A recently freed Sudanese refugee has been granted a new visa without an ankle monitor or curfew conditions after challenging the government’s powers in the High Court.
RVJB, a 30-year-old refugee who escaped violence in Sudan with his family to Australia, was among about 150 detainees released after the court ruled in November that indefinite immigration detention was unlawful.
He was subject to a daily curfew from 10pm to 6am and was required to wear an ankle monitor around the clock, in hastily pushed legislation by the Albanese government to contain the legal fallout.
He expressed relief with the visa decision by Home Affairs Minister Clare O’Neil, which follows Melbourne-based Asylum Seeker Resource Centre taking his case in the High Court in late November arguing the government unlawfully exercised its powers.
Before the centre’s case could be considered by the court, the minister granted RVJB a new visa and has since agreed to cover all legal costs.
“It is such a relief to have the monitor and curfew taken off. But I still feel broken,” said the man, who belongs to the Dinka people.
“I sleep during the day and at night the trauma kicks in. I still have pain in my leg from the monitor.
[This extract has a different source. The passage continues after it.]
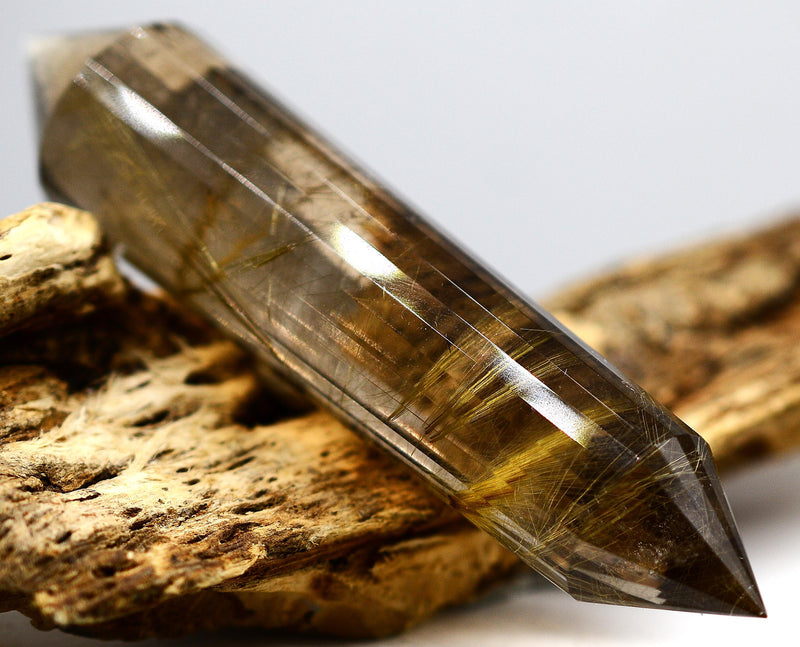 24 Sided Himalayan Rutilated Smoky Quartz Vogel Wand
We all have to face hard things in life but this is mentally crushing.”
He served time in Australian prisons for various crimes before being held at Christmas Island’s immigration detention centre for seven years.
He has not been convicted of any offence in the past eight years.
Australian citizens who have committed and served time for the same crimes as non-citizens born overseas are generally released into the community without such conditions.
Hannah Dickinson, principal solicitor at the centre, said the granting of a new bridging visa R without an application for her client came in recent days.
She noted further litigation could be on the horizon from other detainees.
“They (these laws) shouldn’t apply to anyone because they are unconstitutional – that’s the main point,” she told AAP.
“There’s a human cost, which is real and devastating, there’s the question of unconstitutional exercise of power and there’s also the question of equality before the law.”
Ms Dickinson stressed the “importance of ensuring everyone is subject to the same laws regardless of where they were born”.
RVJB, who has lived as a permanent resident in Australia since he was a child, is still subject to more than 20 strict visa conditions.
These include reporting requirements and to comply with deportation if need be, despite his refugee status, and breach of those conditions will mean a minimum one-year jail sentence.
For RVJB, he is intent on putting these past few years behind him, along with the last two months being was forced to wear the ankle monitor and abide by the curfew.
“I just want to rebuild my life with my son, my family, and my community.”